Sobreturismo y nómadas digitales, o cuando la presencia del viajero se percibe como una provocación

Graciela Cutuli Avatar

Por Pierre Dumas

En los últimos años, la escena turística global ha cambiado de forma drástica. Lo que alguna vez fue una celebración de la movilidad, la diversidad cultural y la apertura de fronteras, hoy está dando paso a un creciente malestar en destinos tradicionales como España, Italia o México. Esta tensión ya no se centra solo en el surturismo —el exceso de visitantes en destinos populares—, sino en una nueva figura que genera resistencia: el nómada digital.

A diferencia del turista tradicional, que suele permanecer una o dos semanas, los nómadas digitales se instalan durante meses en los destinos. Se conectan a través de redes internacionales, trabajan de forma remota y viven en alojamientos temporarios de alta rotación, como los ofrecidos en plataformas tipo Airbnb.

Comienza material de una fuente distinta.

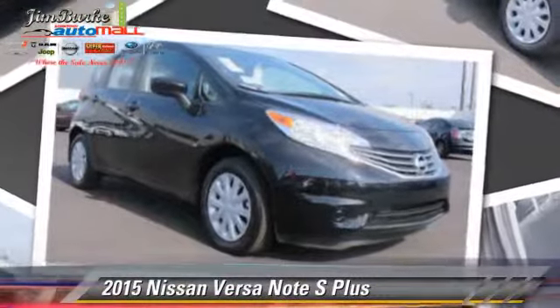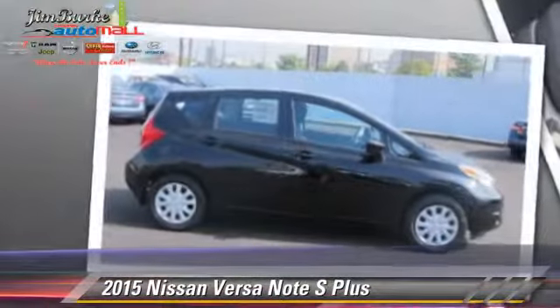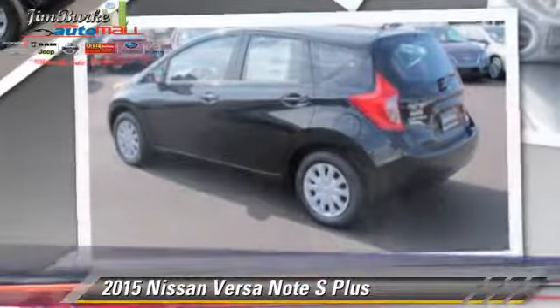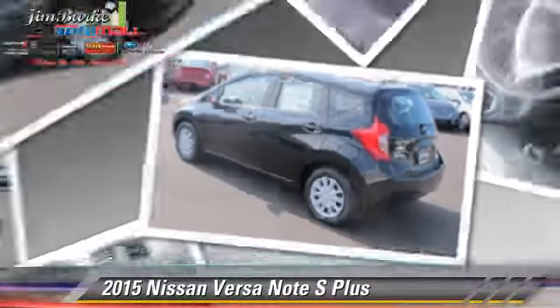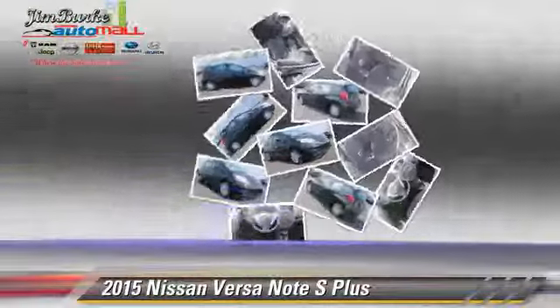The 2015 Nissan Versa, powered by a 1.6-liter four-cylinder engine, this vehicle is well-equipped. This Nissan features front-wheel drive, air-conditioning, and tilt-wheel.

Esto genera una convivencia sin vínculo social, donde la cercanía física no equivale a integración. Los residentes ven cómo se encarecen los alquileres, se interrumpe la continuidad barrial y se debilita el tejido comunitario. Se pierde no solo el hogar, sino también el derecho al arraigo.

 

Gentrificación global y desplazamiento local

El atractivo económico de los visitantes a largo plazo ha provocado una reconversión de barrios enteros. Propietarios rescinden contratos tradicionales para dedicarse al alquiler turístico. Los comercios de proximidad se adaptan a un consumo efímero. Y en muchos casos, los habitantes de siempre ya no pueden pagar para seguir viviendo en su propia ciudad.

Esta lógica de rentabilidad turística por sobre el derecho urbano se extiende como un patrón global. La gentrificación, lejos de limitarse a grandes capitales, avanza también en pueblos y zonas rurales que hoy intentan “digitalizarse” como forma de atraer inversión externa.

Esto deja a los espacios públicos más vacíos de vínculos y más llenos de consumo individual sin huella cultural. Las fiestas populares se transforman en contenido para redes sociales y la participación comunitaria se reduce a una foto bien editada para Instagram.

Nos encontramos frente a una paradoja: mientras la movilidad global es más accesible que nunca, la integración local se hace cada vez más difícil. El viajero ya no es solo alguien que visita, sino alguien que compite por el espacio, los recursos y el sentido de pertenencia.

¿Quién tiene derecho a la ciudad? ¿Cuándo un visitante deja de ser bienvenido? ¿Y qué mecanismos tienen las comunidades para poner límites a esta nueva forma de colonización temporal?

Ciudades como Barcelona, Dubrovnik, Ámsterdam, Brujas y muchas otras ya comenzaron a aplicar regulaciones: cupos turísticos, zonas restringidas a alquileres temporarios, tasas para nómadas digitales, o campañas que llaman a la convivencia respetuosa. Pero el desafío es mayor: se trata de imaginar un nuevo contrato social que equilibre movilidad, identidad, economía y derechos ciudadanos.

Viajar no debería implicar despojar a otros. Ni vivir conectado debería ser sinónimo de aislarse del entorno. Si queremos un turismo realmente sostenible y una globalización más justa, es hora de pasar del nomadismo sin raíces a una presencia con responsabilidad.

En tiempos de fronteras difusas entre lo físico y lo digital, entre el visitante y el vecino, el reto es volver a habitar sin desplazar.